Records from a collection
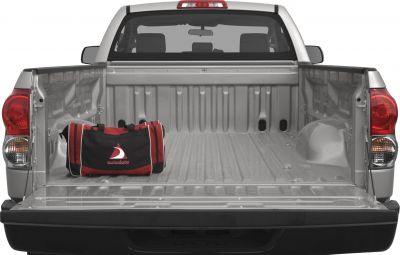 Open truck bed of a pickup with rear lights and red bag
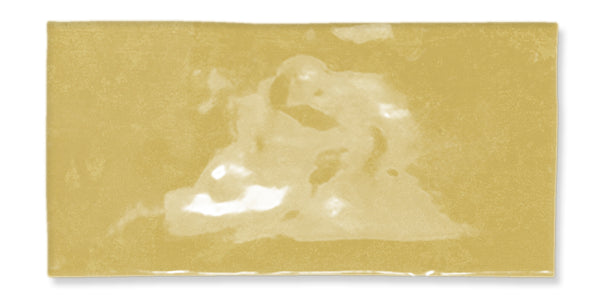 A rectangular block of light yellow processed cheese with a glossy surface, showing some subtle, irregular light and shadow patterns.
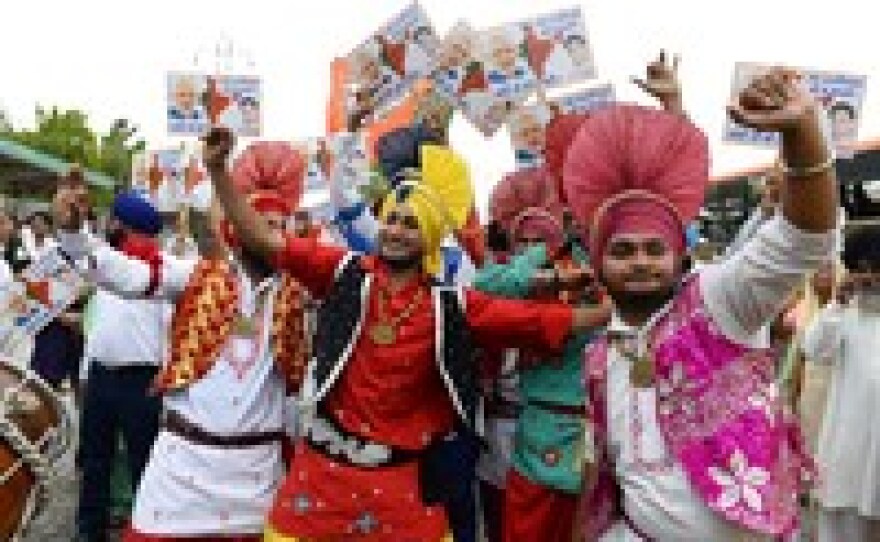 Indian artists dance as they wait for the arrival of the chief minister of the western Indian state of Gujarat and Bharatiya Janata Party prime-ministerial candidate Narendra Modi in New Delhi on Saturday.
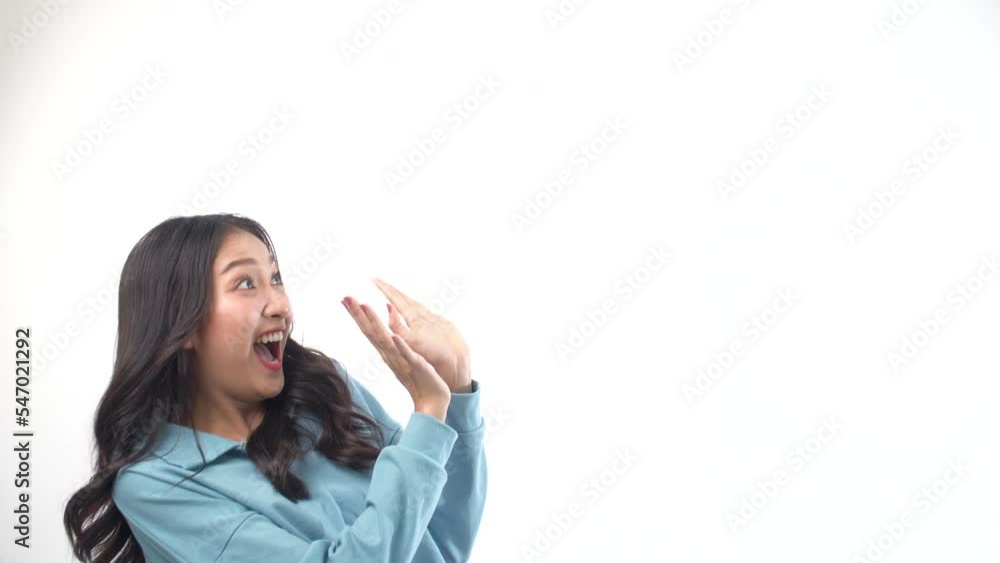 Excited asian woman raised hands on copy space white background. Surprise Thai model girl shock wow promotion smile raised hands empty funny smile dancing over isolated. Lifestyle shopping concept. Excited asian woman raised hands on copy space white background. Surprise Thai model girl shock wow promotion smile raised hands empty funny smile dancing over isolated. Lifestyle shopping concept.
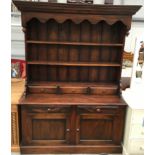 Large dark oak solid dresser with two shelves and three spice drawers to top section and two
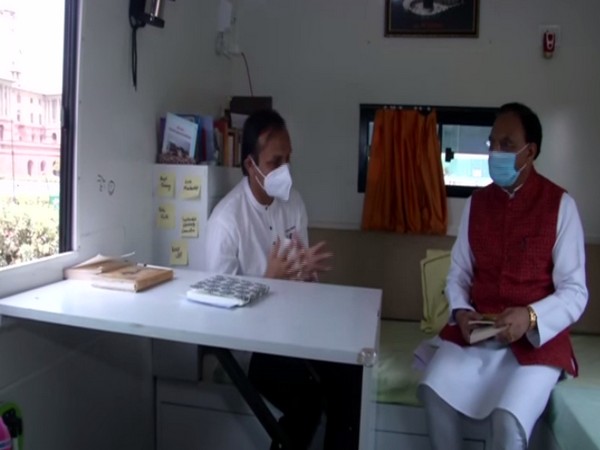 Ramesh Pokhriyal riding Energy Swaraj Yatra Bus (Photo/ ANI)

**REQUIRED ACTION**. Copy all the records word for word and keep the pictures out.

**RESPONSE AREA**.
 Open truck bed of a pickup with rear lights and red bag
 A rectangular block of light yellow processed cheese with a glossy surface, showing some subtle, irregular light and shadow patterns.
 Indian artists dance as they wait for the arrival of the chief minister of the western Indian state of Gujarat and Bharatiya Janata Party prime-ministerial candidate Narendra Modi in New Delhi on Saturday.
 Excited asian woman raised hands on copy space white background. Surprise Thai model girl shock wow promotion smile raised hands empty funny smile dancing over isolated. Lifestyle shopping concept. Excited asian woman raised hands on copy space white background. Surprise Thai model girl shock wow promotion smile raised hands empty funny smile dancing over isolated. Lifestyle shopping concept.
 Large dark oak solid dresser with two shelves and three spice drawers to top section and two
 Ramesh Pokhriyal riding Energy Swaraj Yatra Bus (Photo/ ANI)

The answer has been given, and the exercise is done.